KPI Green Energy stock witnessed selling pressure in the trading session from May 6th to 10th, dropping by more than 5% on BSE. However, KPI still continues to be a multibagger with nearly 477% gains from its 52-week lows, and 5-year upside by nearly 8,100%. KPI Green shares will be in focus ahead as the company will announce its first ever stock split. Also, the company plans fundraising on May 13. The stock is currently around Rs 1,850 levels.

KPI Green Energy Share Price:

KPI Green Energy shares ended at Rs 1850.45 apiece, down by 0.6% on BSE with a market cap of Rs 11,155 crore after market hours of May 10.

In the trading week from May 6-10, the stock dipped by 5.4% on the BSE. The stock's 52-week high and low are at Rs 2,109.25 apiece and Rs 320.83 apiece respectively.

YTD, KPI Green shares surged by over 94% on BSE, becoming one of the star performers. While in 1-year, the stock gained by 471%. In 5-years, the gain is around 8,098.72%. The stock was merely at Rs 22.57 per share, 5 years ago on May 17, 2019.

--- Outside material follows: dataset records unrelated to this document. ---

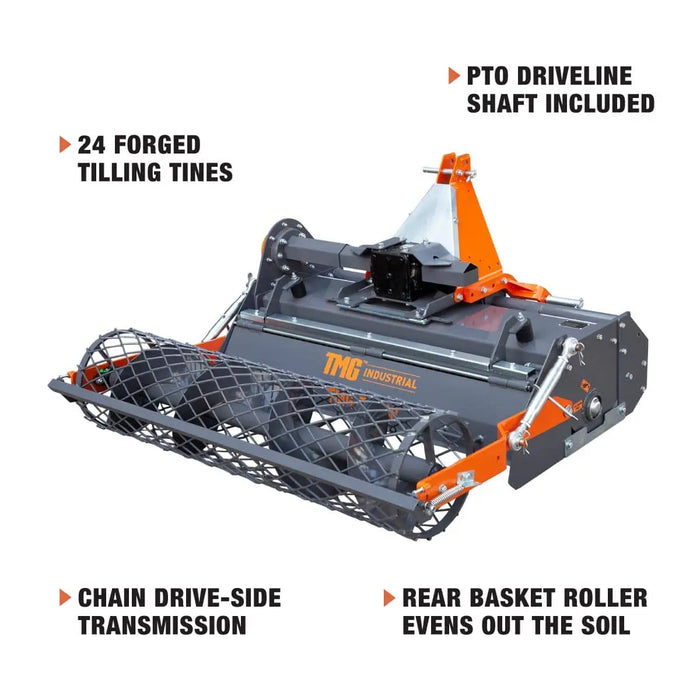 TMG Industrial 48" Stone Burier Rotary Tiller, 3-Point Hitch, Category 1 Hookup, 25-50 HP Tractors, PTO Shaft Included, 2-1/2" Stone Capacity, TMG-TSB48 (Discontinued)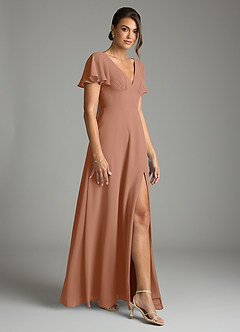 Azazie Kimber Bridesmaid Dresses Bronzer A-Line Flounce Sleeve Chiffon Dress image5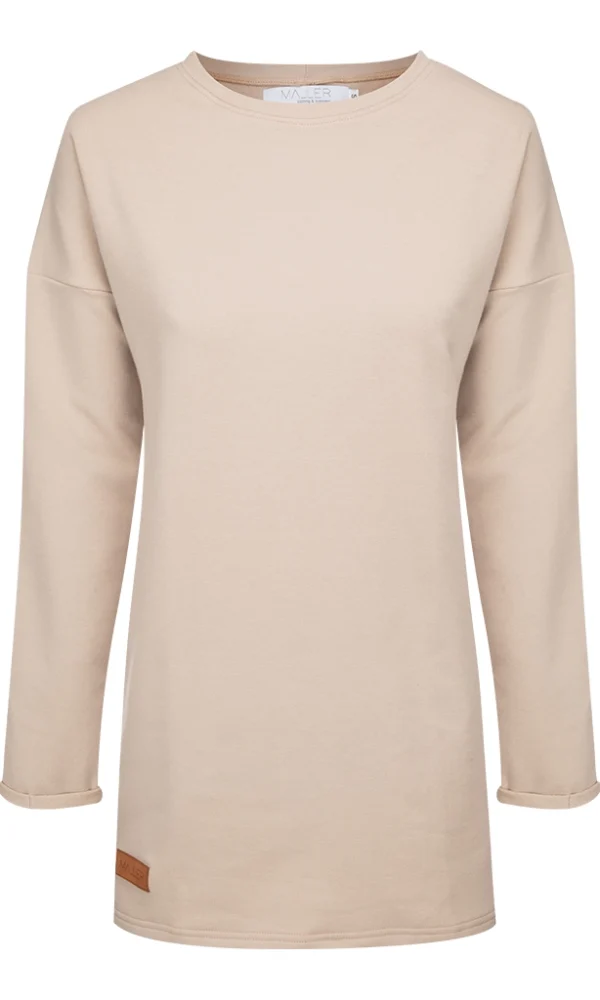 Dámské teplákové mikino-šaty BASIC beige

KPI Green Energy Fundraising:

KPI's board of directors is set to meet on May 13 to consider a proposal for obtaining an enabling resolution from the shareholders for fundraising by the Company, by way of inter alia, issue of equity shares or any other equity-linked
instruments or securities including convertible preference shares and warrants entitling the warrant holder(s) to apply for equity shares, or any other eligible securities through inter alia, a Private Placement or one or more Qualified Institutions Placements (QIPs) or further public issue of Equity or through any other permissible mode and/or combination thereof.

KPI Green Energy Stock Split:

Furthermore, KPI Green's board is also scheduled to meet on May 23 to consider and approve the proposal for alteration in the capital of the Company by subdivision/split of existing equity shares of the Company having a face value of Rs. 10/- each, fully paid up.

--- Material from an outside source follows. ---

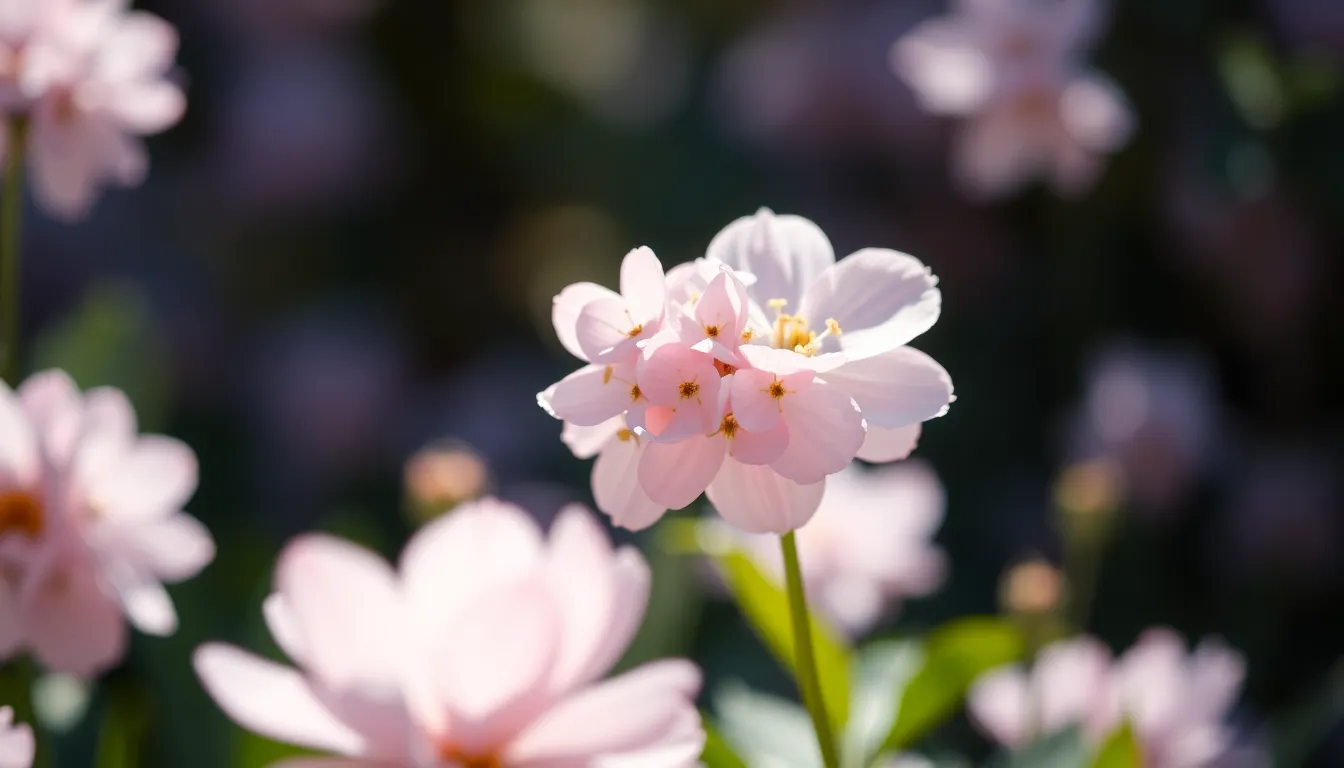 This enchanting garden scene captures an array of delicate flowers, showcasing soft pastel gradients from blush pink to lavender. Dappled sunlight filters through the foliage, creating gentle highlights that emphasize the flowers' textures. The shallow depth of field draws sharp focus to the petals while softly blurring the background into a dreamy bokeh. Natural muted tones evoke a sense of tranquility, inviting viewers to step into this serene floral paradise. The thoughtful composition positions the cluster of flowers off-center, adding to the overall visual appeal.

This will be KPI Green's first-ever stock split.

KPI Green Energy Bonus Issue:

KPI Green has delivered a 1:2 bonus issue. The company allotted 2,00,94,203 equity shares having a face value of Rs.10/- each as bonus equity shares, in the ratio of One (1) equity share having a face value of Rs. 10/- each for every Two (2) existing equity share having face value of Rs. 10/- each, to the Members whose names appeared in the Register of Members/List of beneficial owners as on February 15, 2024, being the record date fixed for that purpose.

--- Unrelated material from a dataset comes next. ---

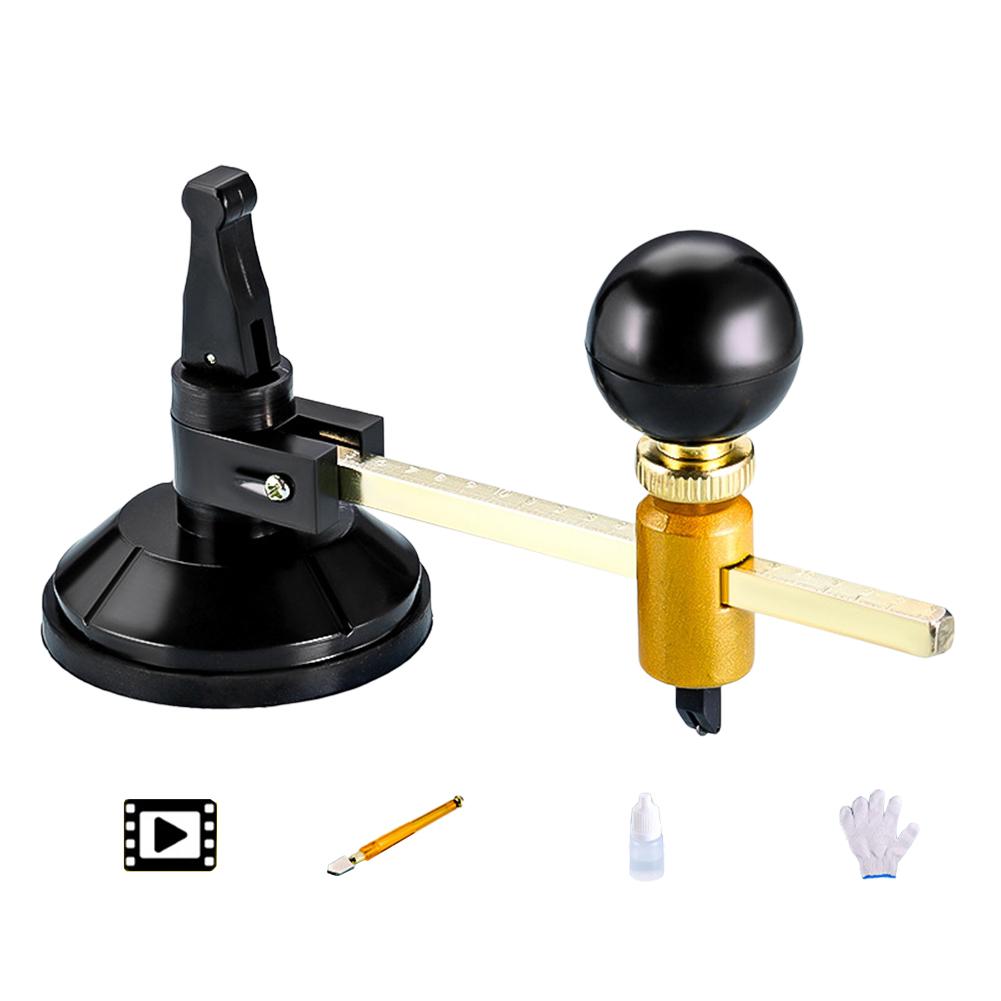 1 комплект Стеклорез Круглый Инструмент для резки с круглой ручкой и регулировкой присоски Стеклорез-циркуль Строительные инструменты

KPI Green Energy Fundamentals:

As per William O Neil India Investment report, utilizing technological advancements, the company integrates Bifacial glass-to-glass solar panels (Mono PERC half-cut solar panels) to boost efficiency and optimize space utilization. Implementing a single Axis tracker through a mechatronics system increases generation by approximately 20%. Additionally, they have invested in the in-house development of Robotics for waterless Robotic cleaning via research and development efforts. KPI Green is leveraging a centralized monitoring system (CMS), which enhances monitoring, analysis, and overall performance to ensure efficiency across operations.

Further, the brokerage's note added that the company has ventured into a hybrid model of solar and wind energy. It has significantly contributed to grid stability. The innovative approach combines the strengths of both solar and wind energy, resulting in a more reliable, efficient, and sustainable method of renewable energy generation. Additionally, the hybrid model optimizes commercial aspects such as transmission charges and grid capacity utilization, further enhancing its overall effectiveness and value.

On valuation, it said, the company has ventured into a hybrid model of solar and wind energy. It has significantly contributed to grid stability. The innovative approach combines the strengths of both solar and wind energy, resulting in a more reliable, efficient, and sustainable method of renewable energy generation. Additionally, the hybrid model optimizes commercial aspects such as transmission charges and grid capacity utilization, further enhancing its overall effectiveness and value.

Disclaimer: The recommendations made above are by market analysts and are not advised by either the author nor Greynium Information Technologies. The author, nor the brokerage firm nor Greynium would be liable for any losses caused as a result of decisions based on this write-up. Goodreturns.in advises users to consult with certified experts before making any investment decision.